175°E passes through the parking lot of the Bed and Breakfast, but we hiked in a southwesterly direction to follow the grassy fields along the ridgetop as long as possible, as we could see that the slope to the south was covered in thick shrubs and forest. The weather was pleasant for early winter, about 16°C, with sunny skies, a view of the ocean off to the east, and pleasant companions with the same goal. Upon arriving at a junction of two fencelines, according to our GPS readings, we could not justify hiking on the ridge any longer.
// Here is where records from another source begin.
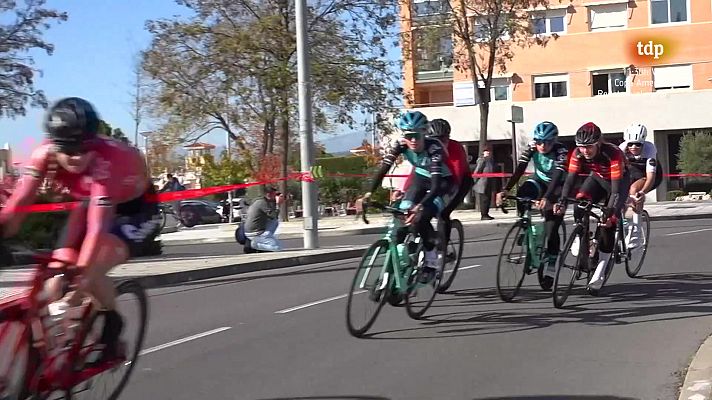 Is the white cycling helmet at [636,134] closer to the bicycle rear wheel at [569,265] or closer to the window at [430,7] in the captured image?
the bicycle rear wheel at [569,265]

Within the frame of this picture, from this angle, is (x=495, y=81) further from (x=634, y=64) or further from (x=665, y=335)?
(x=665, y=335)

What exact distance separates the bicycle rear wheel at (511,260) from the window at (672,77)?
34.4m

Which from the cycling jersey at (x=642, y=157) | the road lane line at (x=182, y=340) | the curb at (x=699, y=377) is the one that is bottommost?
the curb at (x=699, y=377)

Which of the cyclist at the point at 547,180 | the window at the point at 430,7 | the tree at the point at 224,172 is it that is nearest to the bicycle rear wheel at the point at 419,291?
the cyclist at the point at 547,180

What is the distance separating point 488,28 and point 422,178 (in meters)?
23.3

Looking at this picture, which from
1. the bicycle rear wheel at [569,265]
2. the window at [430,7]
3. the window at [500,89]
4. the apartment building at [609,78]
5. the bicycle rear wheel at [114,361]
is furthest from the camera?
the window at [500,89]

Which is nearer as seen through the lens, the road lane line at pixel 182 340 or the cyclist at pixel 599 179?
the road lane line at pixel 182 340

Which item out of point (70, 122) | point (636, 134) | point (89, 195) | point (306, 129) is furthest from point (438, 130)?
point (306, 129)

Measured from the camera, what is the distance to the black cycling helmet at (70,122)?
4902 mm

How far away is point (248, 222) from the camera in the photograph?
56.5 ft

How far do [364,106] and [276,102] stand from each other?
2814 millimetres

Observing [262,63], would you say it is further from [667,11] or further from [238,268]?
[667,11]

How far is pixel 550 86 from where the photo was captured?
43844 millimetres

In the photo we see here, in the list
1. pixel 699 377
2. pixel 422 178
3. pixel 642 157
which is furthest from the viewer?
pixel 642 157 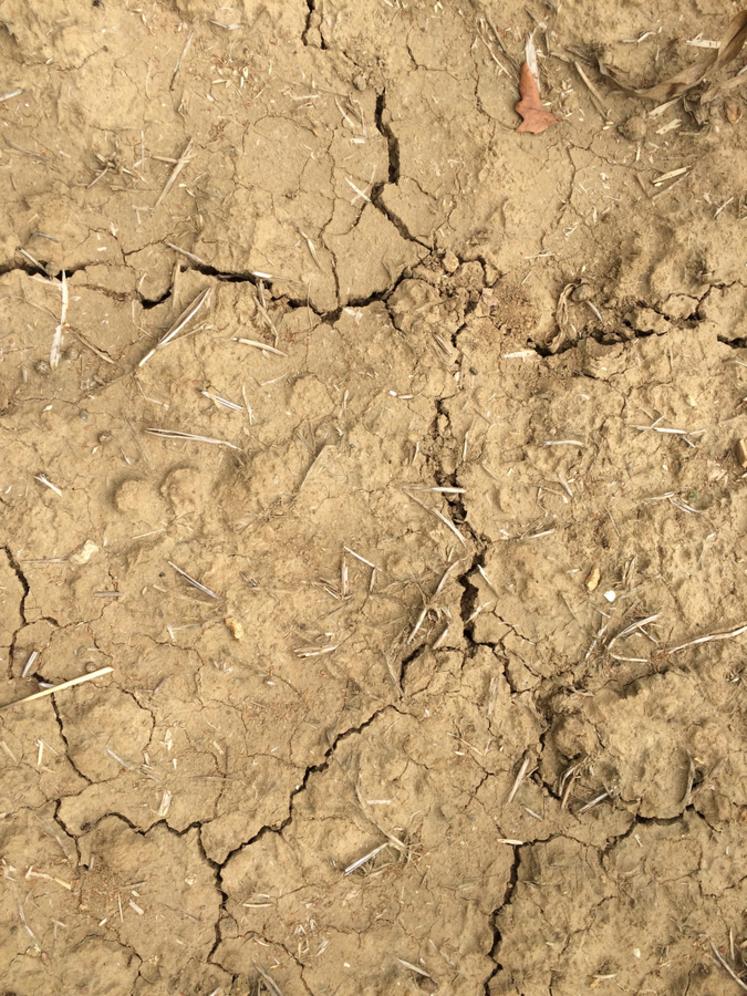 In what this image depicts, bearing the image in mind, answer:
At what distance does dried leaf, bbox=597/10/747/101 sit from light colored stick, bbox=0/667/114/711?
8.91 feet

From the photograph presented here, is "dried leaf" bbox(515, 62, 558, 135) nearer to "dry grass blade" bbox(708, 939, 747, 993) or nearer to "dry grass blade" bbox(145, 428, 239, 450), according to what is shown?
"dry grass blade" bbox(145, 428, 239, 450)

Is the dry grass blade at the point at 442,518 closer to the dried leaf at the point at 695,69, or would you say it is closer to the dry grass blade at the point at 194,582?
the dry grass blade at the point at 194,582

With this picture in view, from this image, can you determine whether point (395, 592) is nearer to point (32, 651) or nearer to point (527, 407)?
point (527, 407)

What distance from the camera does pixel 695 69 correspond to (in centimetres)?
297

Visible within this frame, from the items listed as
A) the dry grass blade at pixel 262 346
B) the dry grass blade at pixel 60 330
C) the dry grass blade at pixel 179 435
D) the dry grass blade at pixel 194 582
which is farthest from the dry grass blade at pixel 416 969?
the dry grass blade at pixel 60 330

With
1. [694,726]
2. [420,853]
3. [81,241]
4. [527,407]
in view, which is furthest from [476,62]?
[420,853]

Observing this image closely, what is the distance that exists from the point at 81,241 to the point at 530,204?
5.16 feet

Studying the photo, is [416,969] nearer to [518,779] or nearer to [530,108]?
[518,779]

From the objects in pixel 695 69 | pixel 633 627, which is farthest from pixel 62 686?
pixel 695 69

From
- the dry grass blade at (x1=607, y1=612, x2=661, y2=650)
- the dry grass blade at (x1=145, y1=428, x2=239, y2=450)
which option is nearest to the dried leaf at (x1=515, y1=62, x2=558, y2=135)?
the dry grass blade at (x1=145, y1=428, x2=239, y2=450)

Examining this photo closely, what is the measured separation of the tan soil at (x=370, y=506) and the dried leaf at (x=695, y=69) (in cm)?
7

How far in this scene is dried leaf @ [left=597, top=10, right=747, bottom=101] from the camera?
2912mm

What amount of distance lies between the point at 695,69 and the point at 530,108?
0.58m

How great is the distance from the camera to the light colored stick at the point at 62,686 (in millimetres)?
2789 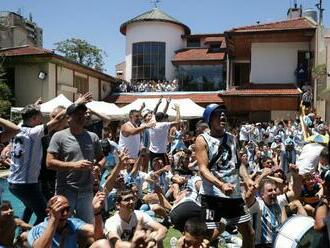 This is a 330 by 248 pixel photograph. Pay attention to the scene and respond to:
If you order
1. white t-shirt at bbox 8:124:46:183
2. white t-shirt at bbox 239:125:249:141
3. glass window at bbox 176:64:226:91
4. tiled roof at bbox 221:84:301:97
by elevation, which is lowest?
white t-shirt at bbox 239:125:249:141

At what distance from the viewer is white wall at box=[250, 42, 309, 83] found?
94.9 feet

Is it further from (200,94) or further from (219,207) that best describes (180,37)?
(219,207)

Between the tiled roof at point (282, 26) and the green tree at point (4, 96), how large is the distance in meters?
13.1

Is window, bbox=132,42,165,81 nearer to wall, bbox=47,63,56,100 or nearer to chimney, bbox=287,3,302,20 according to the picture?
chimney, bbox=287,3,302,20

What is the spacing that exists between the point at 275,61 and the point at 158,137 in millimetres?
20002

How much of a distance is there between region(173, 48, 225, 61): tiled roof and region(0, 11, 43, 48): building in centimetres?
1429

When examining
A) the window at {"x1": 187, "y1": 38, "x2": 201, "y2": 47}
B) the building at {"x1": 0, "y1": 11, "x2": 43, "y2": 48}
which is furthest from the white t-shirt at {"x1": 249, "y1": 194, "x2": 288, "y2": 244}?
the window at {"x1": 187, "y1": 38, "x2": 201, "y2": 47}

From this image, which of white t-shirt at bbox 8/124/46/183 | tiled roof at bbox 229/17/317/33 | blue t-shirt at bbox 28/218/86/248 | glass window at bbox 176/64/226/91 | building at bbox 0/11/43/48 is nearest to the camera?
blue t-shirt at bbox 28/218/86/248

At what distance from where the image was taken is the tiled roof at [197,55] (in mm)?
37969

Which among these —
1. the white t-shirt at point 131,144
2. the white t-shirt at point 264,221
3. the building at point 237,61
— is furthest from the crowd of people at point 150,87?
the white t-shirt at point 264,221

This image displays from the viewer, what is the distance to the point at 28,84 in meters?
27.9

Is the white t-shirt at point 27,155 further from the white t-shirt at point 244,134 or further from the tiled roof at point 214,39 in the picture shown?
Answer: the tiled roof at point 214,39

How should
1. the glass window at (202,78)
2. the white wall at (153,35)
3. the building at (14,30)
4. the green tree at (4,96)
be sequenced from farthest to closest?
the white wall at (153,35), the building at (14,30), the glass window at (202,78), the green tree at (4,96)

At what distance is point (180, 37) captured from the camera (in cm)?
4472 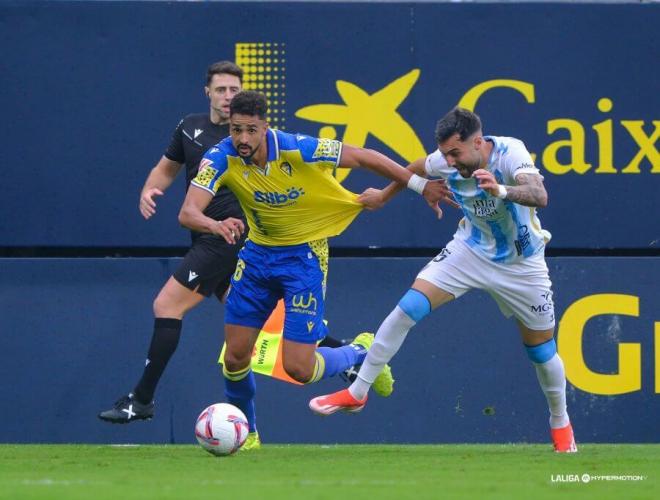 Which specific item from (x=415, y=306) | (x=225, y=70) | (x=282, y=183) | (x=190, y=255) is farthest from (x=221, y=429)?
(x=225, y=70)

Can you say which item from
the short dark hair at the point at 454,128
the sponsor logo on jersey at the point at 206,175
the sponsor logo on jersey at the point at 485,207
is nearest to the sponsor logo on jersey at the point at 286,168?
the sponsor logo on jersey at the point at 206,175

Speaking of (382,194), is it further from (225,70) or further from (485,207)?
(225,70)

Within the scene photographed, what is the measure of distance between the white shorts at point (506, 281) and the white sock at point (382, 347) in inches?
12.5

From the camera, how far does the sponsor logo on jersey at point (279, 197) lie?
925cm

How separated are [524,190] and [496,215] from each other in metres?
0.64

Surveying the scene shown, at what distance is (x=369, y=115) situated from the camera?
11.7m

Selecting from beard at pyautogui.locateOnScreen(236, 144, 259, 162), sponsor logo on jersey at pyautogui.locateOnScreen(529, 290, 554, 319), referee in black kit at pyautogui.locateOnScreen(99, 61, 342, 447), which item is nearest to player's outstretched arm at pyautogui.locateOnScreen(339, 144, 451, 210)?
beard at pyautogui.locateOnScreen(236, 144, 259, 162)

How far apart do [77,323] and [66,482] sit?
14.6 ft

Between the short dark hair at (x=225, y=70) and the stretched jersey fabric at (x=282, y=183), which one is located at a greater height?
the short dark hair at (x=225, y=70)

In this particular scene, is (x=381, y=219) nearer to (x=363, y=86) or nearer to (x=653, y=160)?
(x=363, y=86)

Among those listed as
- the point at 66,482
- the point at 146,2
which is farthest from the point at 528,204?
the point at 146,2

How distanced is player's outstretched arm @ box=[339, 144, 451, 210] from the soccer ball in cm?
168

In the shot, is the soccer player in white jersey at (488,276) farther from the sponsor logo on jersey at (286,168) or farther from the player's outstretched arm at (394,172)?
the sponsor logo on jersey at (286,168)

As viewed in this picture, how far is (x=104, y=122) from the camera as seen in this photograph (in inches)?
458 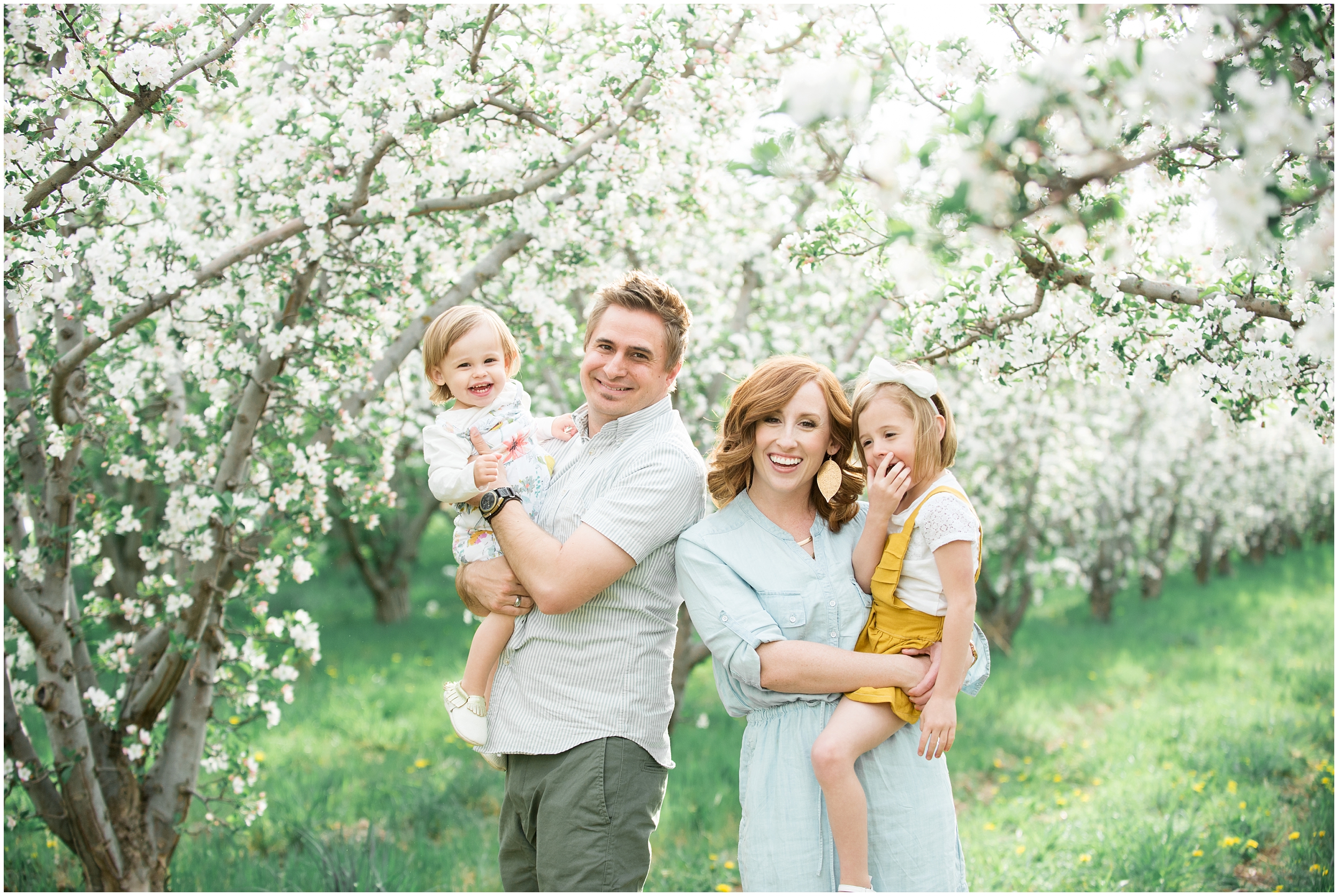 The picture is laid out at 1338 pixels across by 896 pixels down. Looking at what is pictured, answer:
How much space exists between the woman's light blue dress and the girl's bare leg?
6 centimetres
After leaping the fence and breathing a thanksgiving prayer to Pat for turning off the electricity, we plunged into the forest below.
The forest seemed like another world from the sunny fields above--cool, dark, and mysterious. We quickly found an old logging road, and hiked down it toward the southwest for approximately 10 minutes. Then began the third part of our journey--down a steep slope to the southeast. Pine needles on mud make for slippery travels, but we kept our sense of humor, if not our sense of balance, to the bottom of the muddy ravine. After climbing over one last fence, we turned toward the east and unexpectedly found ourselves in a small clearing, approximately 20 meters long by 6 meters wide.
The confluence lies on the downslope side of this clearing. We ambled back and forth through the clearing, stepping in about 10 cm of mud in an attempt to zero out the GPS coordinates. Due to the dense vegetation cover, this was difficult to do. We reached the confluence at approximately noon local time. Vegetation in this area includes gorse, a prickly, invasive plant, pinus radiata (pine) trees that have been planted for logging, whitey wood, punga (ferns), flax, kanuka trees, manuka trees, and blackberries. After passing the sheep, we did not see any animals, but noticed some beautiful fantail birds.
We emerged from the forest and hiked back the way we had come under beautiful skies. We hosed off the gumboots at the homestay. The third kind thing that Pat Simpson did upon our arrival was to make some tea and muffins for us. We stood admiring their northeast view of the ocean out of their magnificent picture windows for awhile, met Trevor Simpson, another of the proprietors, and then bade them both farewell. The homestay would make a wonderful vacation spot. What a magnificent feeling to tag my first southern hemisphere confluence less than six hours after my first trans-Pacific flight, see some New Zealand terrain, and meet such nice folks in the process. I feel we had started the work at the New Zealand Geographical Society conference in a particularly appropriate way.